● Recorded data:

___

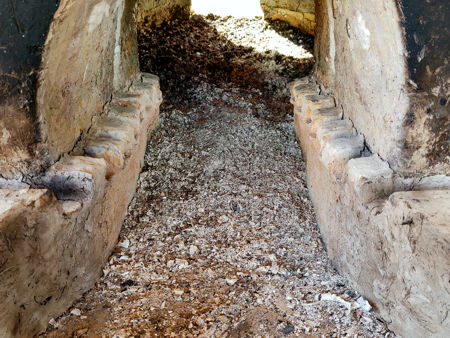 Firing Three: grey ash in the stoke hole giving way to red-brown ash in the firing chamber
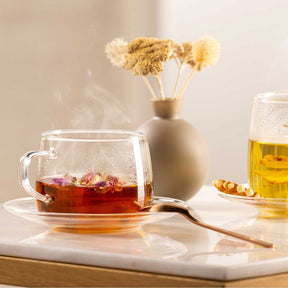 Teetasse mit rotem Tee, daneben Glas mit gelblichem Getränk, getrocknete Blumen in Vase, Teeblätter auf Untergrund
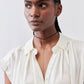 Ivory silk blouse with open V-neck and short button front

___

● Work task: Every line of the material must be returned verbatim, and pictures must be left behind.

● Solution to this task:
 Firing Three: grey ash in the stoke hole giving way to red-brown ash in the firing chamber
 Teetasse mit rotem Tee, daneben Glas mit gelblichem Getränk, getrocknete Blumen in Vase, Teeblätter auf Untergrund
 Ivory silk blouse with open V-neck and short button front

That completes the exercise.